Eine professionelle Beratung kann insbesondere dann sinnvoll sein, wenn Immobilien, Unternehmen oder Bankvermögen in mehreren Staaten vorhanden sind oder zwischen den Erben Streit über die Nachlassaufteilung besteht.
Fazit
Ein Todesfall in Finnland löst eine Reihe rechtlicher und steuerlicher Verpflichtungen aus. Besonders wichtig sind die fristgerechte Durchführung der Nachlassinventur innerhalb von drei Monaten, die Erstellung des Nachlassverzeichnisses und die ordnungsgemäße Regelung von Vermögenswerten und Schulden.

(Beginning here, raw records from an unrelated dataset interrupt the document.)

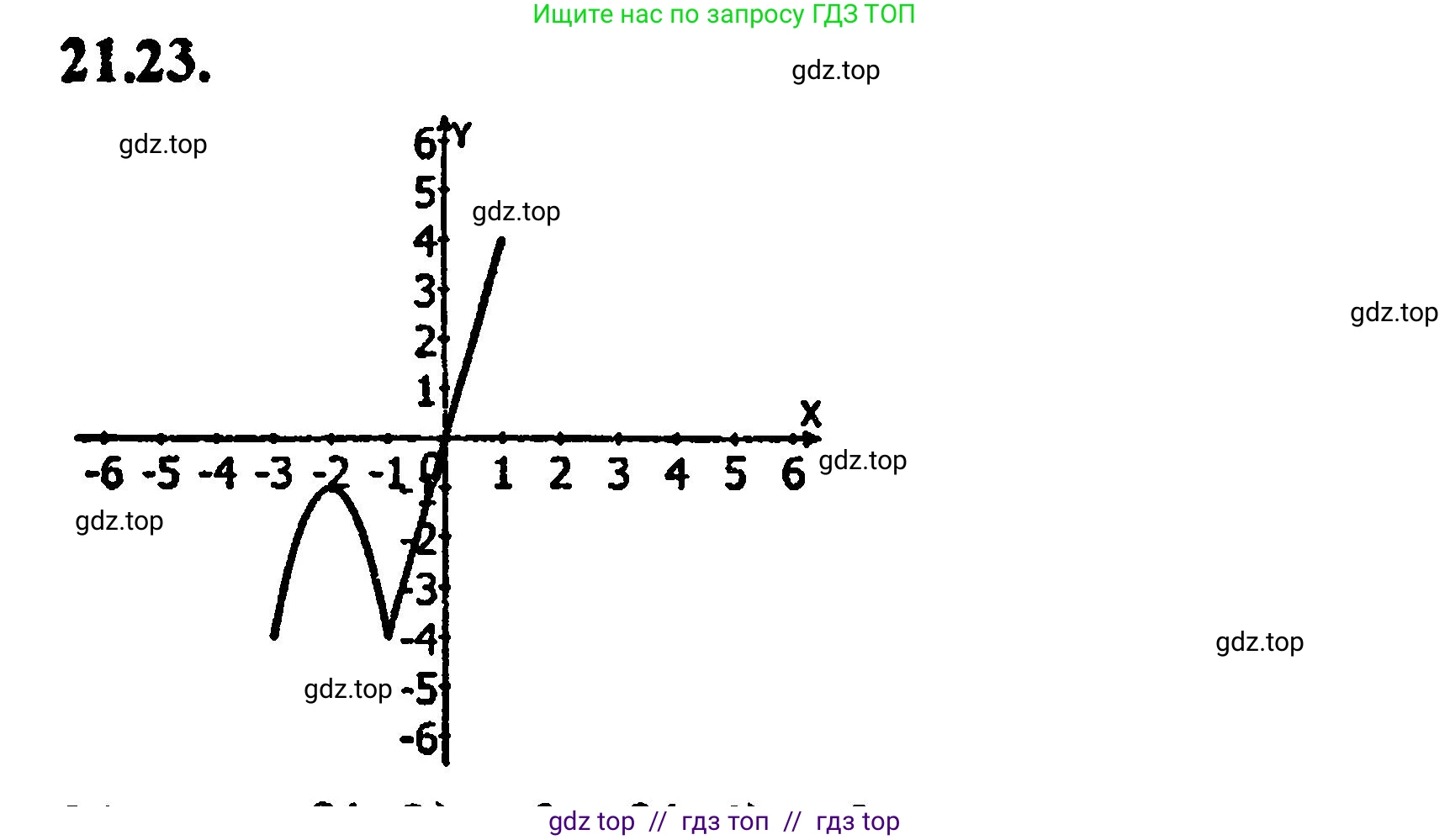 Алгебра, 8 класс Учебник, авторы: Мордкович Александр Григорьевич, Александрова Лилия Александровна, Мишустина Татьяна Николаевна, Тульчинская Елена Ефимовна, Семенов Павел Владимирович, издательство Мнемозина, Москва, 2019, Часть 2, страница 142, номер 23.23, Решение 5
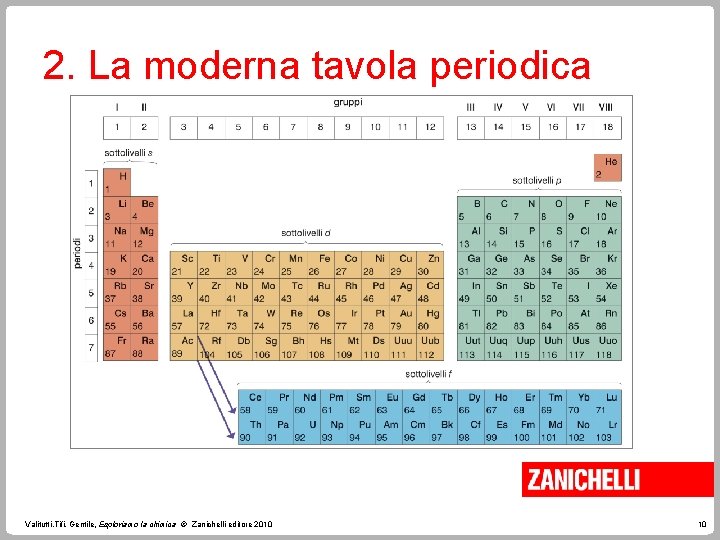 2. La moderna tavola periodica Valitutti, Tifi, Gentile, Esploriamo la chimica © Zanichelli editore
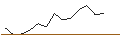 Gráfico intradía de JP MORGAN/CALL/QORVO INC/100/0.1/17.01.25
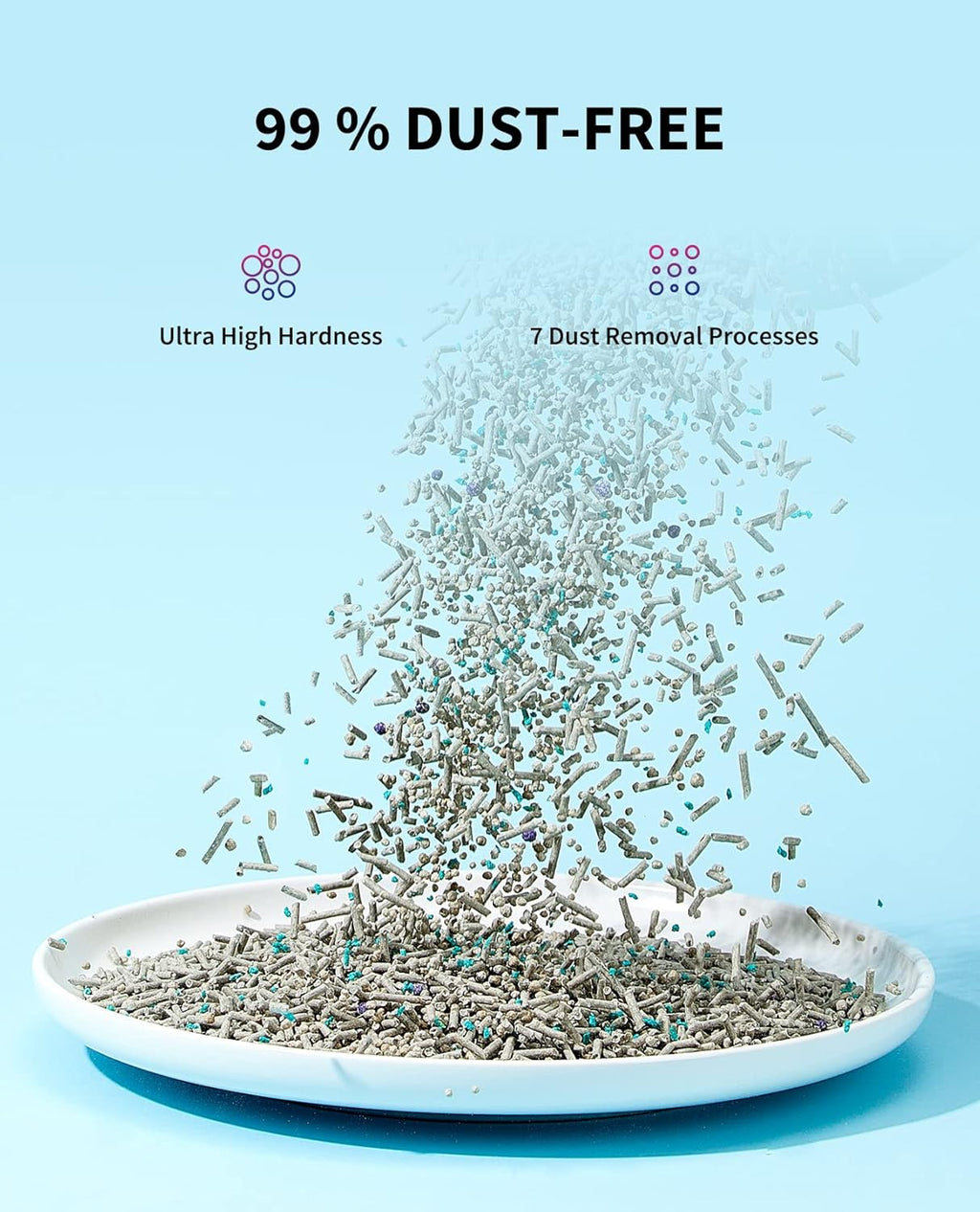 PETKIT Mixed Cat Litter Fast Clumping,Flushable,Ultra Absorbent, 100% Natural Ingredients Litter,Water Dissolvable,Really Dust-Free,Low Tracking Bentonite Tofu Litter ( 7.9 lb×4 Bags)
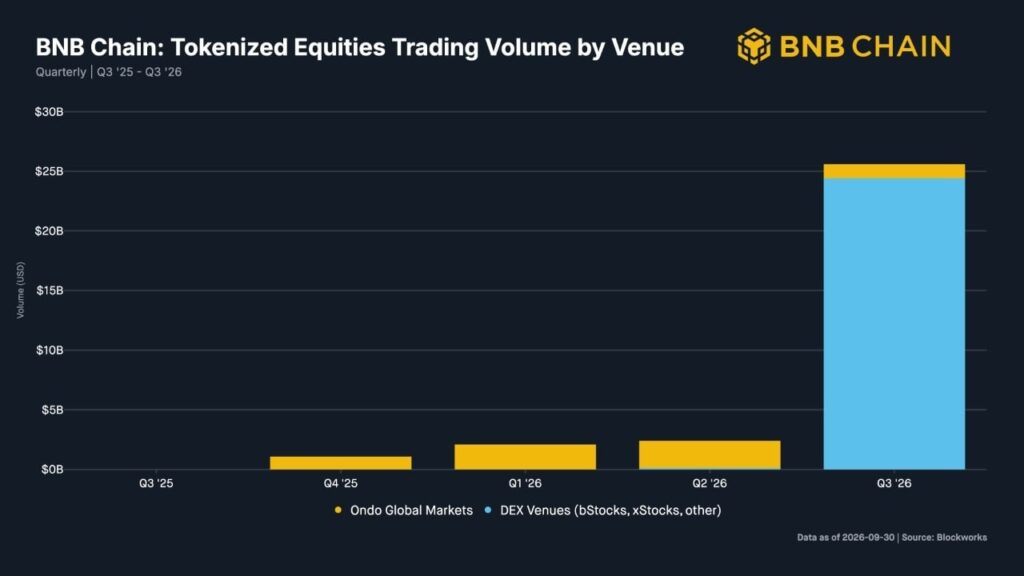 bnb-chain-tops-solana-robinhood-as-equity-volume-jumps-11x-to-25-6b.jpg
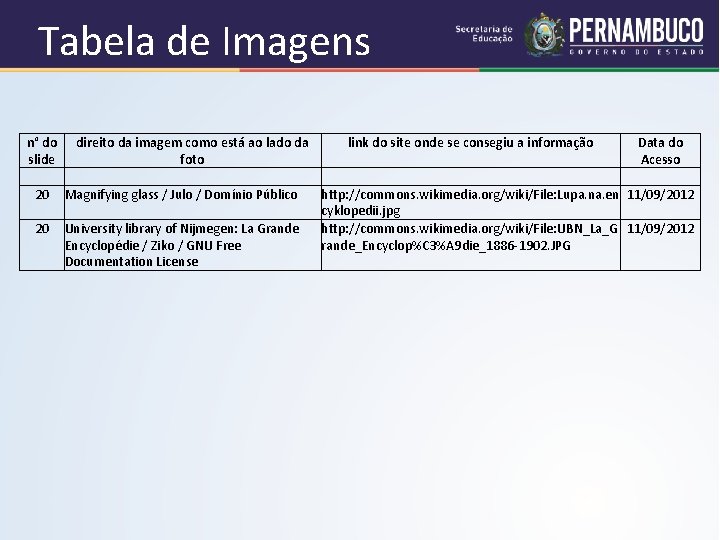 Tabela de Imagens n° do direito da imagem como está ao lado da link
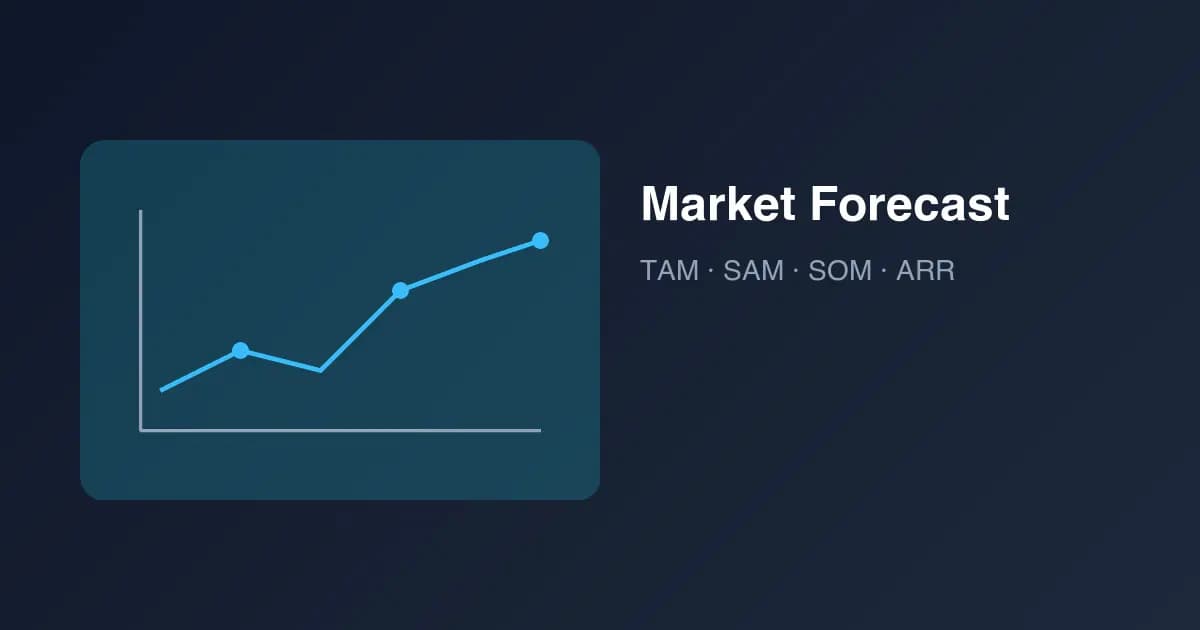 Market Forecast Report for Startups preview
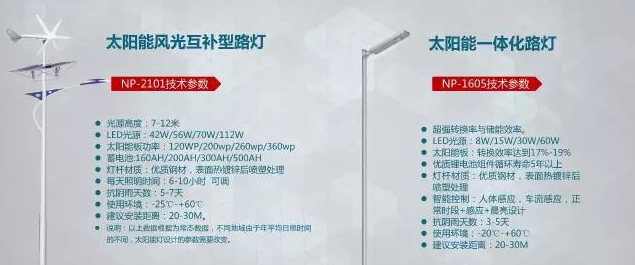 風光發電（diàn）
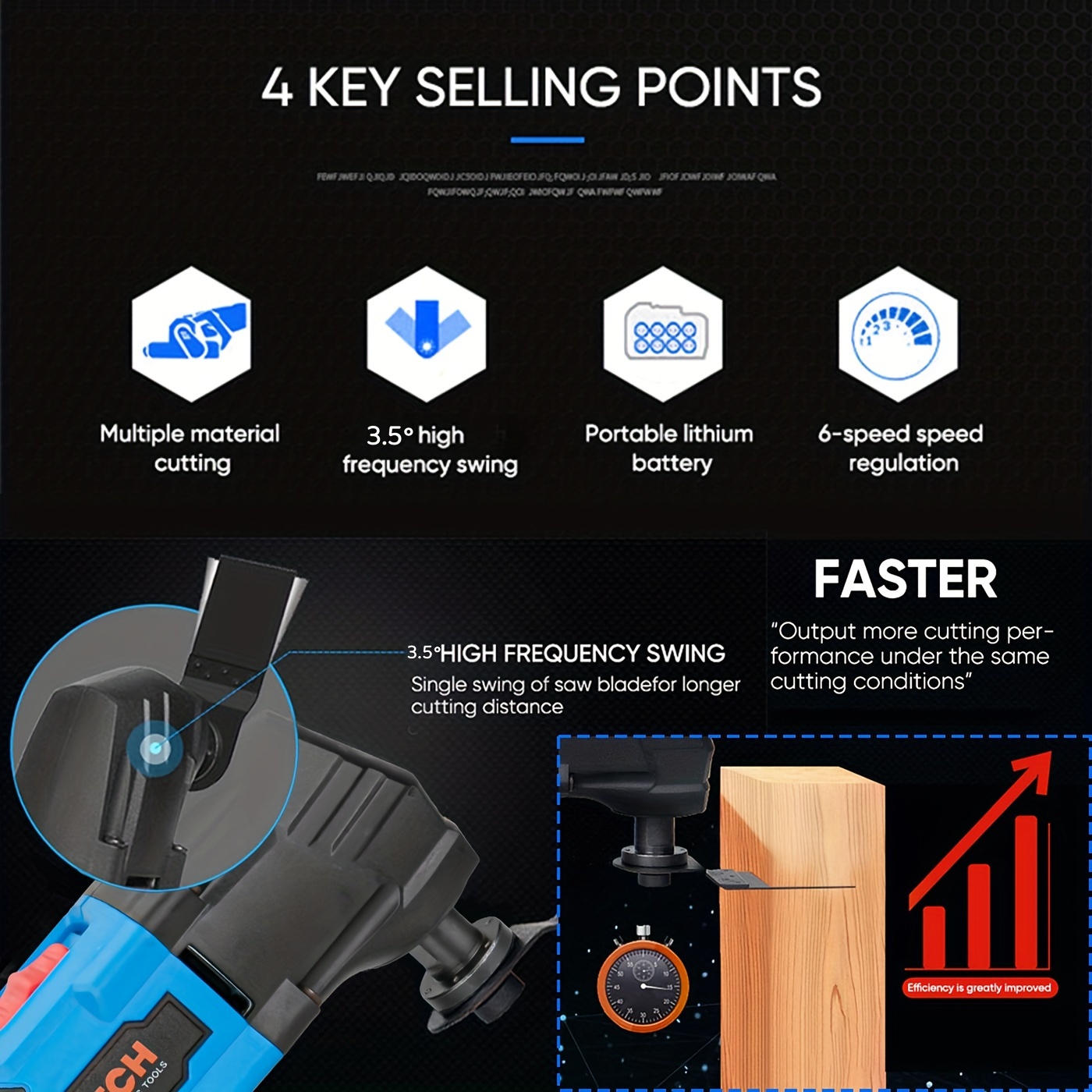 12V Cordless Variable-Speed Oscillating Multi-Tool Kit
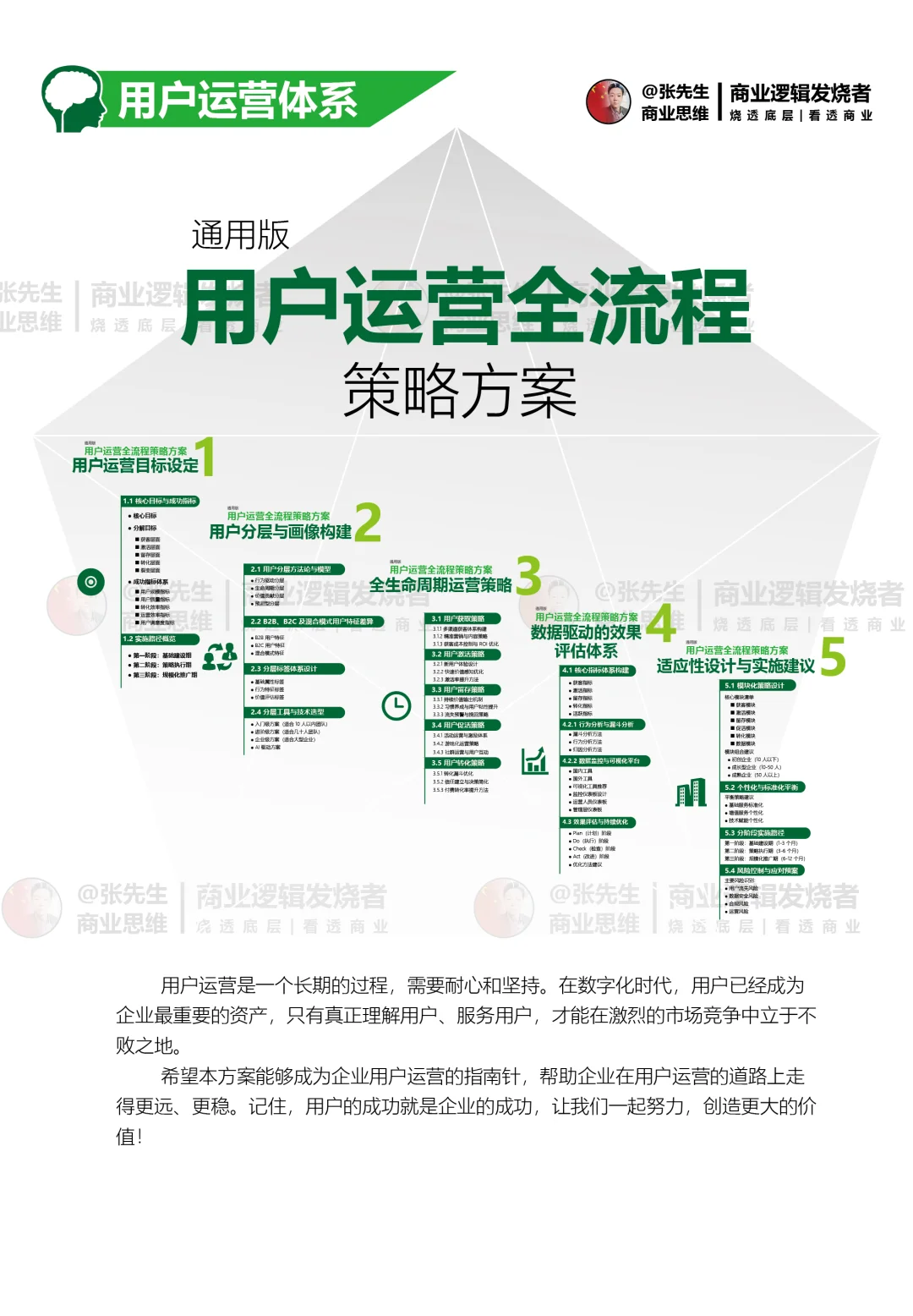 用户运营全流程策略方案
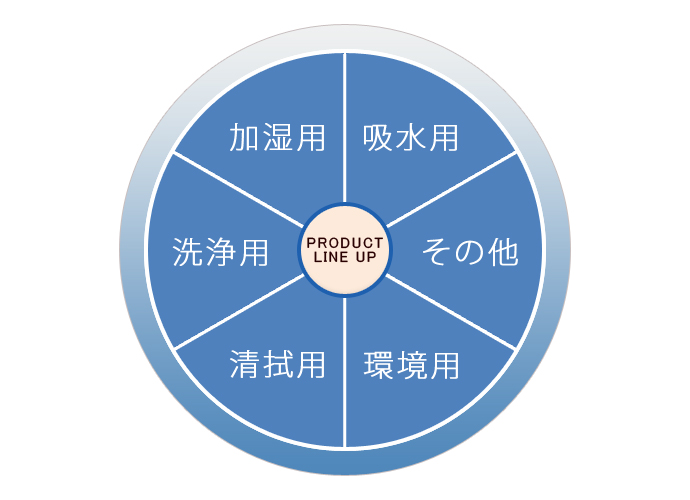 製品情報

Seit dem 1. Januar 2026 gilt für die finnische Erbschaftsteuer grundsätzlich eine Schwelle von 30.000 Euro pro Erbanteil. Die konkrete Steuerbelastung hängt jedoch von mehreren Faktoren ab, insbesondere vom Wert der Erbschaft und dem Verhältnis zwischen Erblasser und Erben.
Gerade bei internationalen Nachlässen sollte die rechtliche und steuerliche Situation frühzeitig geprüft werden. Cosmos Legal Cabinet juridique kann dabei unterstützen, die erforderlichen Schritte strukturiert vorzubereiten und mögliche rechtliche sowie steuerliche Risiken zu erkennen.